[openib-general][PATCH][RFC]: CMA IB implementation

Mon Sep 19 10:59:16 PDT 2005

Guy German wrote:
> #define CMA_TARGET_MAX		4
> #define CMA_INITIATOR_DEPTH	4
> #define CMA_RC_RETRY_COUNT	7
> #define CMA_RNR_RETRY_COUNT	6
> #define CMA_CM_RESPONSE_TIMEOUT	20 /* 4 sec */
> #define CMA_MAX_CM_RETRIES	0

Are these values hard-coded just for the initial implementation?  How would 
these change?

> enum cma_close_flags {
> 	CMA_CLOSE_ABRUPT = 0,
> 	CMA_CLOSE_GRACEFUL
> };

Not sure what these are for.  Why not have the user always destroy the cma_id? 
If it hasn't yet been destroyed when a disconnect comes in, callback the user. 
If a connection hasn't been disconnected when it is destroyed, automatically 
send a disconnect message.

> struct accept_callback {
> 	ib_cma_ac_handler func;
> 	void *context;
> };
> 
> struct listen_callback {
> 	ib_cma_listen_handler func;
> 	void *context;
> };

These could be eliminated if we just associated a context with a cma_id and left 
it at that.  I think we're asking for race conditions if we try to update the 
context with every callback.

> static int cma_modify_qp_state(struct ib_cm_id *cm_id, struct ib_qp *qp,
> 				      enum ib_qp_state qp_state, 
> 				      int qp_attr_mask)
> {
> 	struct ib_qp_attr qp_attr;
> 	int status = 0;
> 	printk(KERN_DEBUG PFX "%s: enter >>> modify to %d\n",
> 	       __func__, qp_state);
> 
> 	if (qp == NULL)
> 		return -EINVAL;

We shouldn't need checks like this in the kernel.
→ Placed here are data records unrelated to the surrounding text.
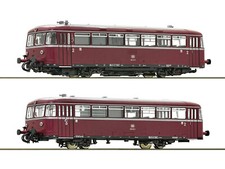 Roco H0 52634 Schienenbus BR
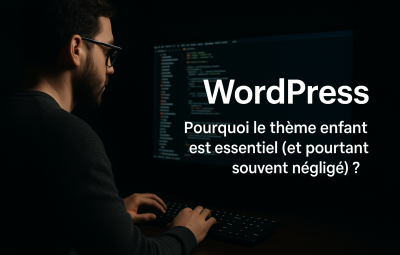Theme enfant WordPress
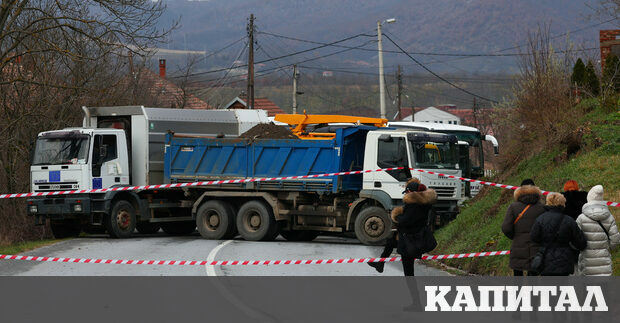 Най убедителният инструмент за деескалация е предложението на ЕС за нормализация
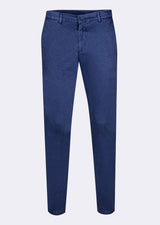 Royal Blue Chino & Casual Pant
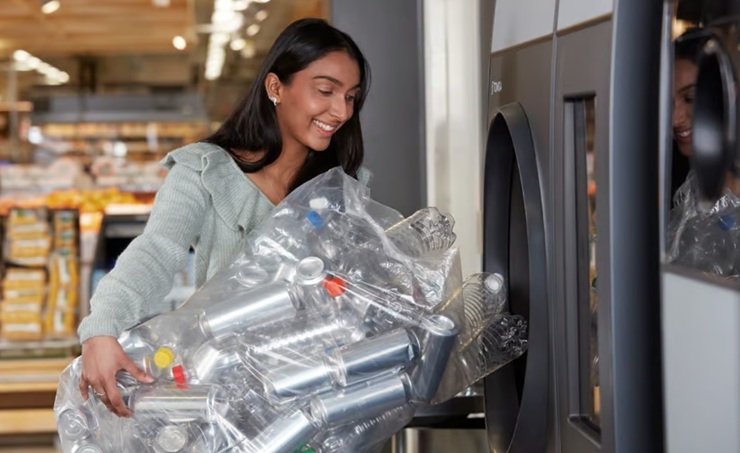 Мировой рынок фандоматов достигнет $0,76 млрд к 2034г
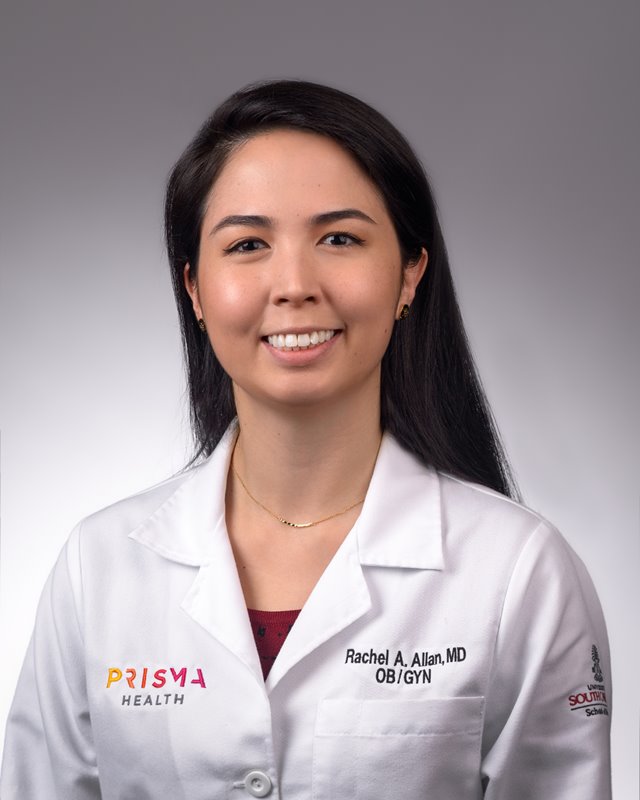 OB/GYN Residency Columbia - Residents | Prisma Health Academics
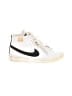 Nike White Sneakers Size 8 - photo 1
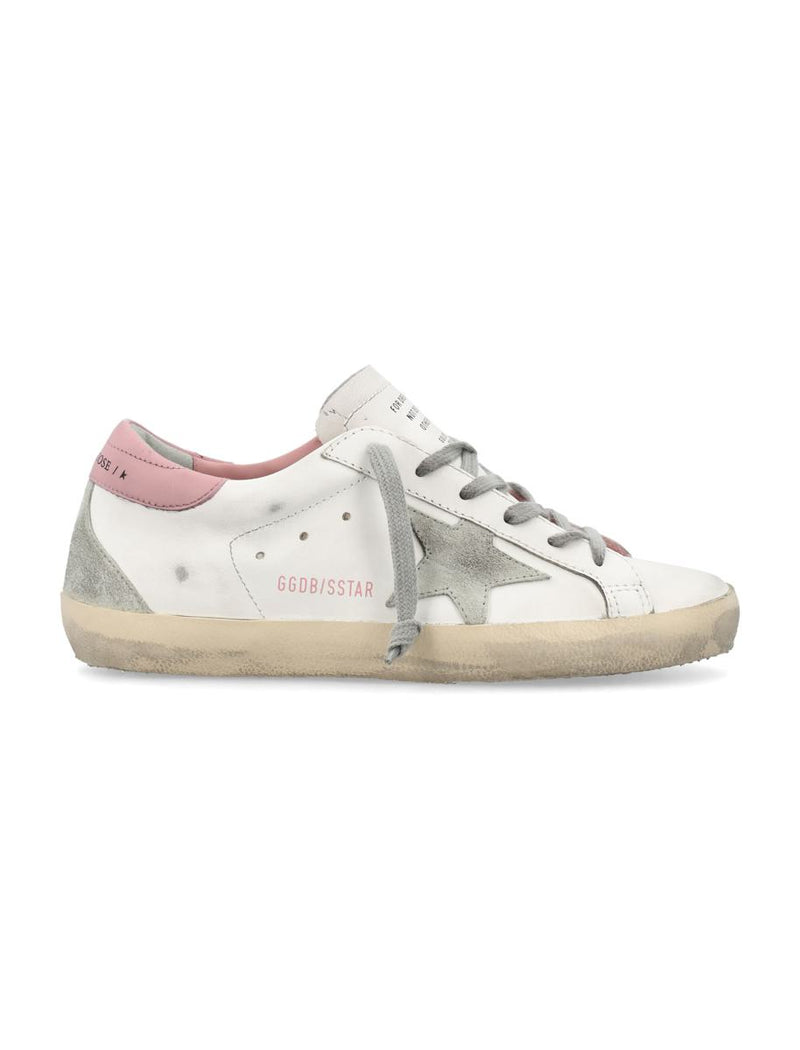 Golden Goose Super Star Classic Women Sneakers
> 	memset(&qp_attr, 0, sizeof qp_attr);
> 	qp_attr.qp_state = qp_state;
> 
> 	if (cm_id && !qp_attr_mask)

Or this check...

> static int destroy_cma_ctx(struct cma_context *cma_ctx)
> {
> 	if(!IS_ERR(cma_ctx->cm_id))
> 		ib_destroy_cm_id(cma_ctx->cm_id);
> 	if (cma_ctx->cma_param.private_data)
> 		kfree(cma_ctx->cma_param.private_data);

Is this the outbound private data or inbound?  Why not tie the private data to 
an event and avoid storing it with the cma_ctx?

> 	if (cma_ctx)
> 		kfree(cma_ctx);
> 	
> 	cma_ctx = NULL;

Is there a reason to set this to NULL?

> 	return 0;
> }

> static int cma_disconnect(struct ib_qp *qp,
> 			  struct cma_context *cma_ctx, 
> 			  enum cma_close_flags cflags)
> {
> 	int status;
> 
> 	if (cma_ctx == NULL)
> 		goto modqp;

We shouldn't need this check.

> 	if (cflags == CMA_CLOSE_ABRUPT)
> 		status = destroy_cma_ctx(cma_ctx);

Why would this call fail?  What would the user do if it does?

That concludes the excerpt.